“…Jesus would have died for me, if I had been the only one” is nice to think about, but that doesn’t make the fictionalized circumstance anymore true.
A friend of mine recently posted the comments in relation to this statement by Gary Thomas (here is his statement), and it made for an interesting point. While I for one always liked and appreciated that statement because of the reverence for God’s almighty righteousness and love, it also admittedly had a personal fulfillment feeling to it. The problem with the statement, however, which I admitted to succumbing to, is that it makes for a very “me” centered attitude. While God’s grace and mercy should be that important to you, and His relationship with you is worth the price of His Son, it reigns true for all men as well. Now, one other dilemma involved with this mindset is the result that we end up underselling God’s personal blessings He’s bestowed upon us. Let me explain.
For the everyday employee trying to make a living, teenager at school trying to get by, housewife with plenty to keep her busy, and ultimately, Christian trying walk the walk, we see a similarity. The similarity being that each person is going to be bogged down by their own everyday routines, each person can and probably will feel like they’re lost in this big world, and that making a difference isn’t a feasible option. Ultimately, they might start feeling the pressure of giving up, or turning to the easy temptations that surround them. Because in the end, it feels like it is just them vs. the world. You see the dilemma? When we downsize our predicament, when we do feel like it’s just me trying to make a difference here, when we fail to acknowledge all the others in the world Christ sacrificed for, there is a chance we will slip into defeat.
Peter knew this to be the case. He reminded his brethren to, “Resist him [Satan], firm in your faith, knowing that the same kinds of suffering are being experienced by your brotherhood throughout the world. And after you have suffered a little while, the God of all grace, who has called you to his eternal glory in Christ, will himself restore, confirm, strengthen, and establish you. To him be the dominion forever and ever. Amen.” (1 Peter 5:9-11)
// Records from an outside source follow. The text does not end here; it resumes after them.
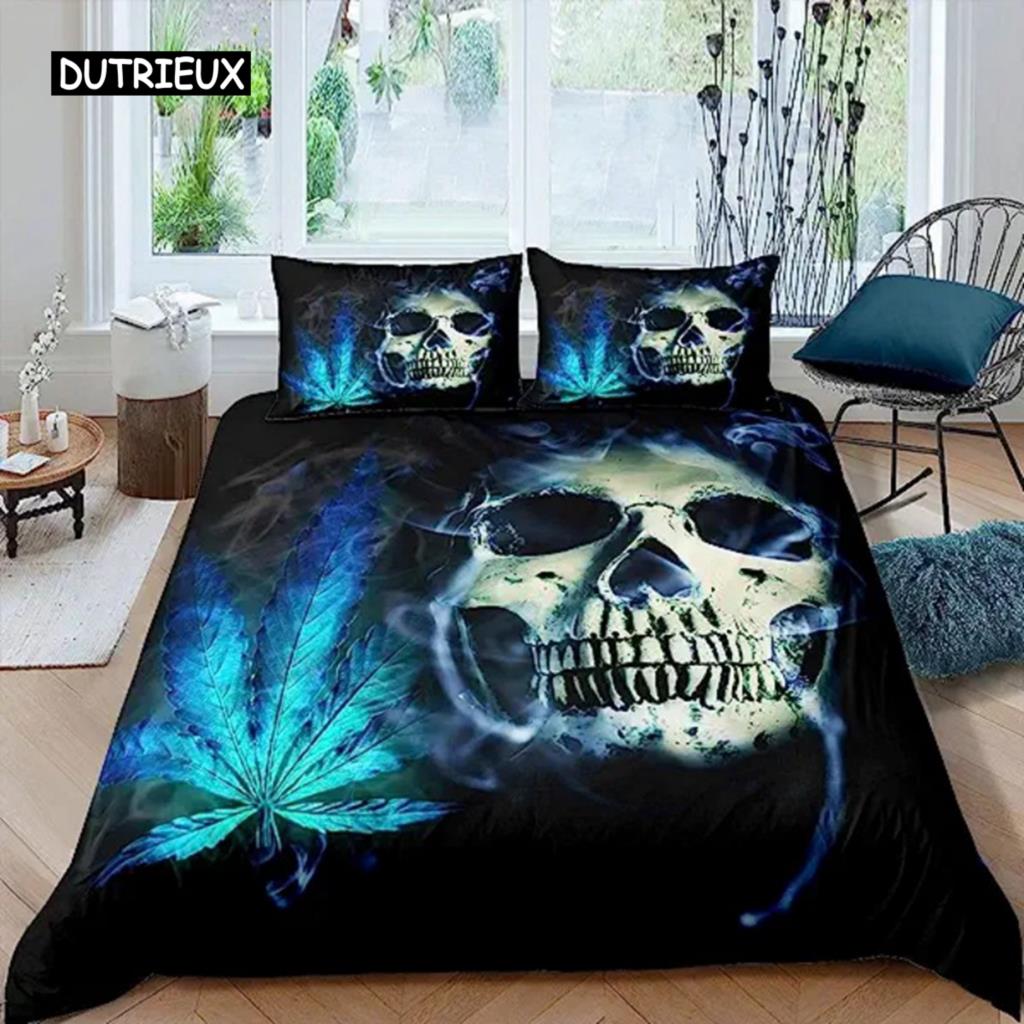 Sugar Skull Duvet Cover Teen Girl Bedding Set Sugar Skull Decor Bedding Skull Skeleton Roses Floral Print Duvet Cover Decorative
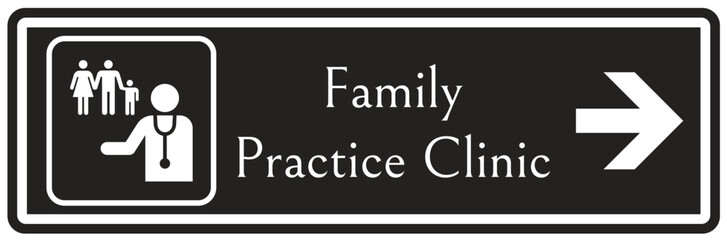 Family practice clinic sign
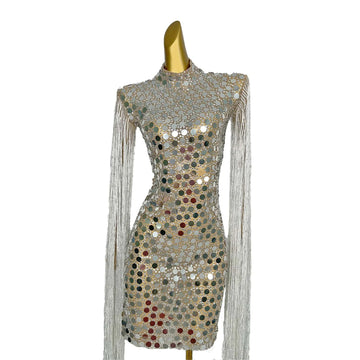 Sequins Rhinestones Tassel Short Dress Celebrate Prom Birthday Party Female Stage Costume Nightclub Dance Outfit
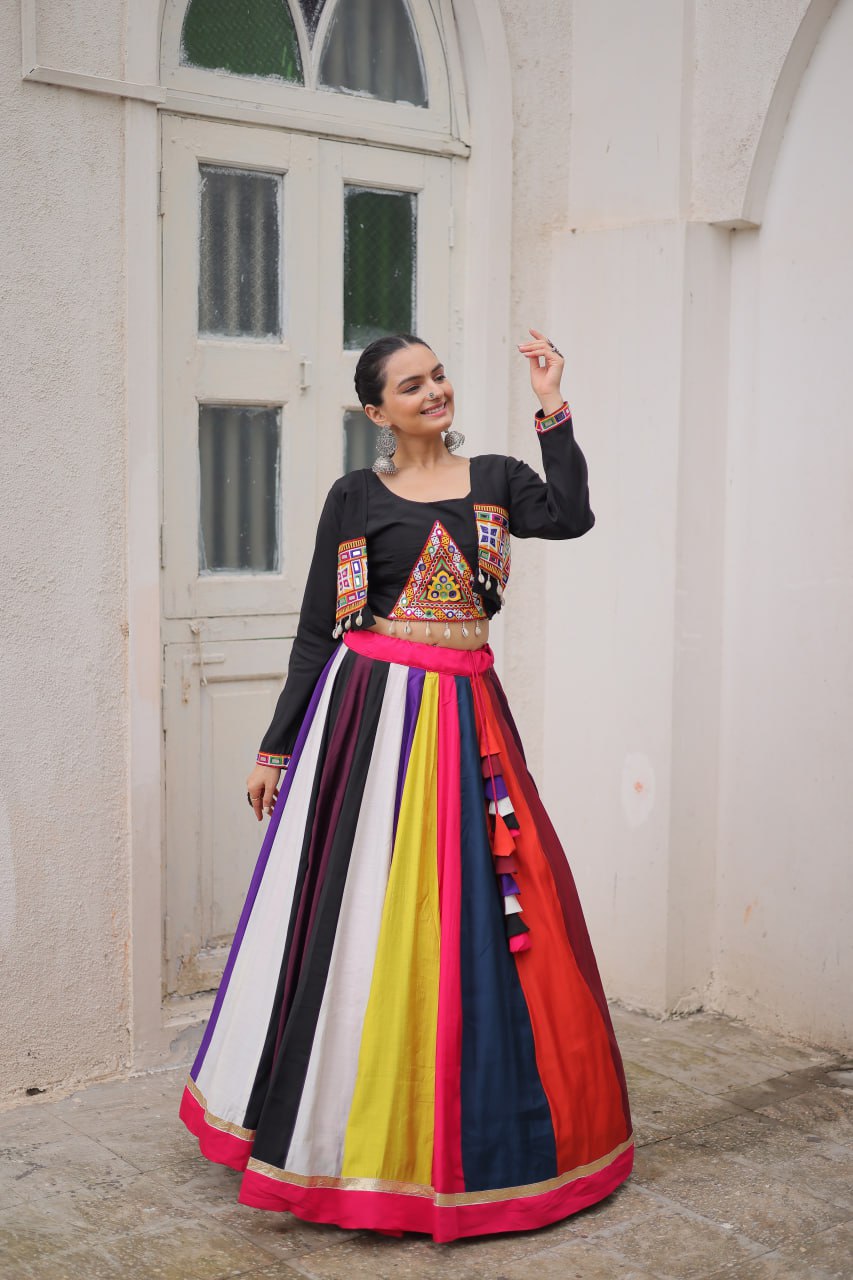 Multicolor Pure Rayon Navratri Lehenga Choli with Koti Style Blouse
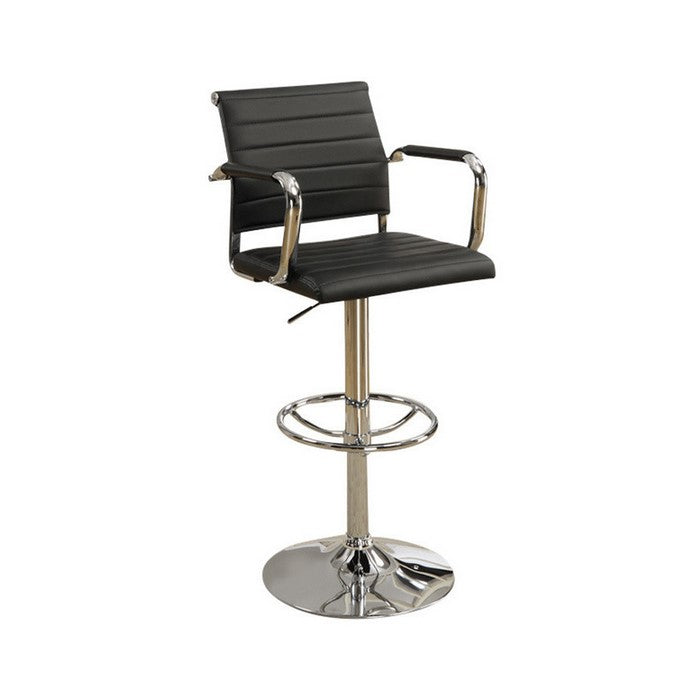 Faux Leather Barstool With Gas Lift Chrome Base Black Set of 2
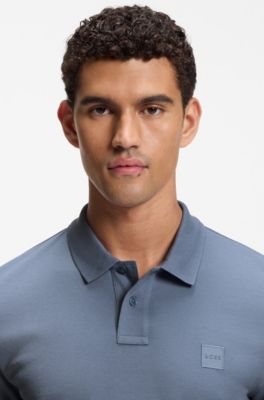 Slim-fit polo shirt in stretch-cotton piqu&eacute;, Blue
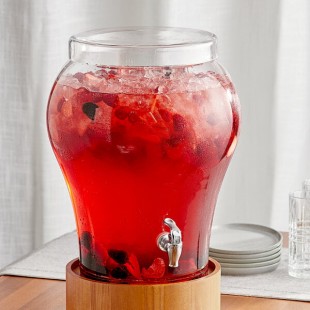 Acopa 5 Gallon Curved Glass Beverage Dispenser with Glass Lid Acopa 5 Gallon Curved Glass Beverage Dispenser with Glass Lid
Notice the cool language on display here? While it is up to the personal individual to maintain their own relationship with their Savior and Father, Peter wanted to remind them of the gravity of the situation. God, who is all powerful, all knowing, the One to whom belongs all dominion (a sort of self-governing power no country, region, or even world can possibly over-power) has set in motion a way to secure your eternal life with Him. How does He want you to be reminded and strengthened by this? That you can and will be part of this larger than life eternal world (if you will) if you continue to endure along with all the brotherhood who have likewise turned to Him in difficulty. You see, we are part of something grand, not something small scale.
We sometimes see our predicament as being a one-man fight, but we are part of the greatest kingdom to ever reign. We sometimes feel like we are living an unfulfilled life of self-discipline, when we are really living the only life worth knowing. We sometimes feel lost, discouraged, and alone, but we must know that we are not alone in those discouragements. Rather we must see our predicament as it truly is; Christ, our King, has purchased an army of men and women who struggle, fight, and overcome each and every day to live for Him, and with Him. If we don’t see that we are in this life together, we are stripping ourselves of some truly remarkable confidence that Christ as gifted to us. Though possibly separated by distance, language, culture, and possibly time, we walk side by side, and we will see His glory because of it.
P.S. I don’t know where I’ve been, but I’ve only now discovered Paramore’s folksy “In The Mourning” (To be fair, it is kinda hidden from every music site. But you can listen here). It’s so great, I may just do a Top 10 of theirs in the future.